OLIVERIO LAPERAL, PETITIONER, VS . PABLO V. OCAMPO, RESPONDENT.

D E C I S I O N

SANDOVAL-GUTIERREZ, J.:

Assailed in this petition for review under Rule 45 of the 1997 Rules of Civil Procedure, as amended, is the Decision[1] dated October 29, 1999 of the Court of Appeals in CA-G.R. CV No. 46052, entitled "Pablo V. Ocampo versus Oliverio Laperal," affirming in toto the Decision[2] dated February 4, 1993 of the Regional Trial Court, Branch 50, Manila, in Civil Case No. 86-36794.
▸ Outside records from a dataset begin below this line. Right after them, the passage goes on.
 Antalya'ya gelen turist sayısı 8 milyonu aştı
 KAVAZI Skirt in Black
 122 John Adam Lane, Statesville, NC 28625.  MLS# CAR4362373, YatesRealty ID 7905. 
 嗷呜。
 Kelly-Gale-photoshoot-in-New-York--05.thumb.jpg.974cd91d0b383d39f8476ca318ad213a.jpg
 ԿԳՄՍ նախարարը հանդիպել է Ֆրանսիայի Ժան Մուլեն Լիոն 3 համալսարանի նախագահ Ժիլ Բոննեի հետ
At the threshold, it bears emphasis that this case involves respondent Pablo Ocampo's action for payment of his remaining shares of stock which he sold to Industrial Horizons, Inc. (Industrial Horizons).  Respondent now seeks to recover the amount from Oliverio Laperal, herein petitioner, then President of Industrial Horizons, on the basis of the "alter ego" doctrine.  The Court of Appeals, in its assailed Decision, ruled in favor of respondent on the ground of res judicata considering that the "alter ego" doctrine issue has been passed upon by the same court in its Decision in C.A.-G.R. No. 65913-R which has become final.

On May 3, 1963, the Sunbeam Convenience Foods, Inc., (Sunbeam), of which petitioner and his wife were the principal stockholders, acquired from the government, through a sales patent two (2) parcels of land in the province of Bataan, designated as Lot 1, SGS-2409 and Lot 2, SGS-2409, covered by Original Certificate of Title (OCT) No. SP-24 of the Registry of Deeds of said province.  Later Sunbeam transferred the two (2) lots to Coral Beach Development Corporation (Coral Beach), of which petitioner and his wife were also the principal stockholders.  Thus, Transfer Certificate of Title (TCT) Nos. 12421 and 12422 were issued in the name of Coral Beach.
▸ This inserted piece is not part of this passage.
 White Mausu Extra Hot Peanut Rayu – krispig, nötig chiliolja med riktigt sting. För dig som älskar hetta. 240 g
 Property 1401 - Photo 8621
Subsequently, a suit was brought by respondent and Pablo Roman against Coral Beach and Laperal Development Corporation (Laperal Development) which culminated in a Compromise Judgment promulgated on January 10, 1974 by the Court of Appeals in C.A.-G.R. No. 48015-R.[3] In this Compromise Judgment, Coral Beach and Laperal Development conveyed to herein respondent and Pablo Roman an undivided 29% interest each (a total of 58%) in six (6) parcels of land in Bataan which includes the previously mentioned two (2) lots. The remaining 42% interest in the above properties was retained by Coral Beach and Laperal Development.

Thereafter, respondent transferred seven (7) percent of his undivided 29% interest in the above properties to Rodolfo Lejano and the Asiatic Integrated Corporation (Asiatic), resulting in the reduction of his pro indiviso interest in said properties to only 22%.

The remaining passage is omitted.